This is my John Galt speaking cartoon
#13
(03-30-2011, 09:55 PM)Jim Wrote:
(03-29-2011, 03:36 PM)--Pete Wrote: Hi,

A common fault in these types of discussions is to hold people of the past accountable to our present morality and fault them for their failure to live up to a moral code that they never ascribed to. And to compare moral codes is, ultimately, a foolish thing. Most moral codes are a mixture of superstition, prejudice, and pragmatism.

Human failures are funny things; the more remote, the more clearly seen. We have no problem seeing the evils committed throughout history and the wrongdoings of distant rulers. But we seem be blind to much of our own evils and wrongdoings.

--Pete

Hi,

Your thoughts about holding people Today accountable for the Past? I personally do not want to be held accountable.

John Wayne's opinion of Native Americans. September 4, 2005 5:55 AM The interview is reprinted in The Playboy Intervew (Wideview Books, c1981).
Here is the text of one answer about the Indians:
Quote:In an interview with Playboy magazine published on May 1, 1971, Wayne made several controversial remarks about race and class in the United States. The interview became a hot topic and many stores had trouble keeping the issue in stock.
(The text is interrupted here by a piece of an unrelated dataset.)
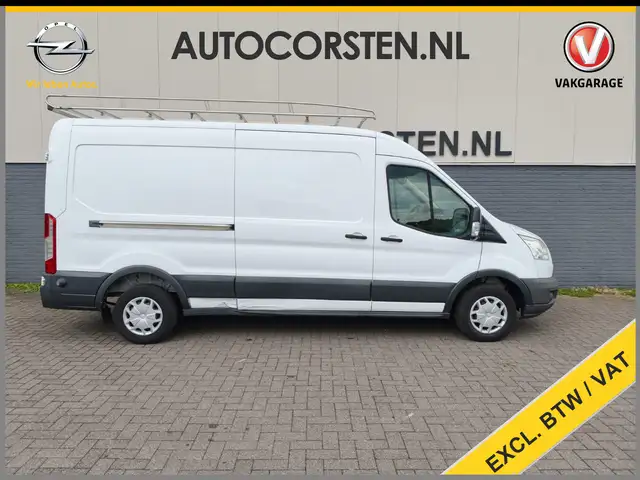 Ford Transit view 5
He noted that, as someone living in the 20th century, he was not responsible for the way people who lived one hundred years before him had treated Native Americans, stating:
I don't feel we did wrong in taking this great country away from them if that's what you're asking. Our so called stealing of this country was just a question of survival. There were great numbers of people who needed new land the Indians were selfishly trying to keep it for themselves.

Look, I'm sure there have been inequalities. If those inequalities are presently affecting any of the Indians now alive, they have a right to a court hearing. But what happened 100 years ago in our country can't be blamed on us today.
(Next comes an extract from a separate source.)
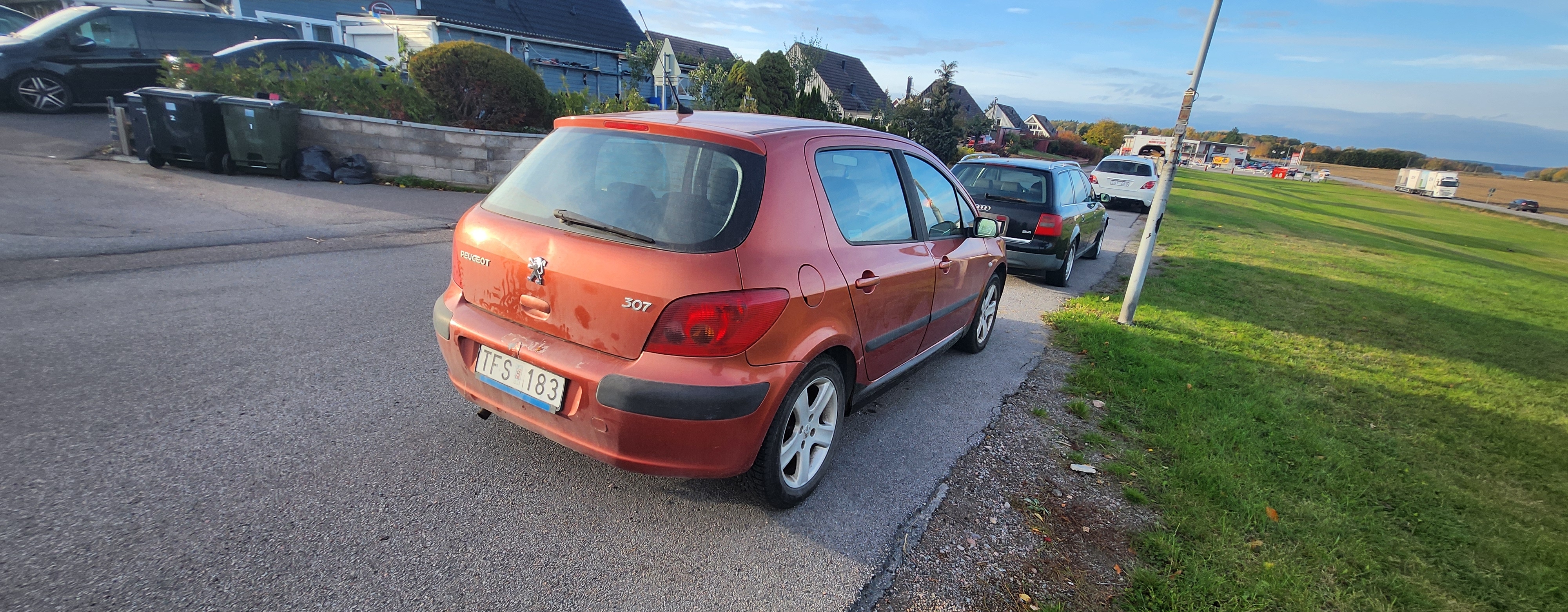 Peugeot 307 135 2003, kuva 5/10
I'm quite sure that the concept of a Government-run reservation... seems to be what the socialists are working for now — to have everyone cared for from cradle to grave.

What happened between their forefathers and our forefathers is so far back -- right, wrong or indifferent -- that I don't see why we owe them anything. I don't know why the government should give them something that it wouldn't give me.

http://en.wikipedia.org/wiki/John_Wayne

From a John Galt cartoon to a discussion about Native American genocide is a subject that should not get lost in a cartoon thread should we start a new Post?
John Wayne was wrong. :-)

He should have lived on the Pine Ridge Reservation for a few months before making that comment. It is exactly what John Galt feared would happen everywhere if the "control freaks" who run our socialist government had their ways with us. {notice how I re-railed there! Smile }

[Image: Pine-Ridge-Reservation-housing.jpg]

They don't own their homes, so why should they invest in them. There are few jobs, so they line up for their handouts as an act of survival. If we cared about them at all, we'd figure out a path to independence, rather than continue to perpetuate over a century of dependency. If we cared, we'd help this tribe of a scant ~25,000 Americans figure out how to break their cycle of poverty and death.


Wikipedia Wrote:"Although Pine Ridge is the eighth-largest reservation in the United States, it is also the poorest. Unemployment on the reservation hovers between 80% and 85%, and 49% live below the federal poverty level.[2] Adolescent suicide is four times the national average. Many of the families have no electricity, telephone, running water, or sewage systems. Many families use wood stoves to heat their homes. The population on Pine Ridge has among the shortest life expectancies of any group in the Western Hemisphere: approximately 47 years for males and 52 years for females. The infant mortality rate is five times the United States national average. Reservation population was estimated at 15,000 in the 2000 census, however the number was raised to 28,787 by HUD, following a Colorado State University door-to-door study.[3] The reservation has a lot of alcoholism and poverty.[4]

As of 2011 the reservation has little economic development or industry, and no banks or discount stores exist on the reservation.[4] Despite the lack of formal employment opportunities on Pine Ridge, a considerable agricultural production is taking place on the reservation, yet only a small percentage of the tribe directly benefit from this. According to the USDA, in 2002 there was nearly $33 million in receipts from agricultural production on Pine Ridge. Less than one-third of that income went to members of the tribe.[5]"
”There are more things in heaven and earth, Horatio, Than are dreamt of in your philosophy." - Hamlet (1.5.167-8), Hamlet to Horatio.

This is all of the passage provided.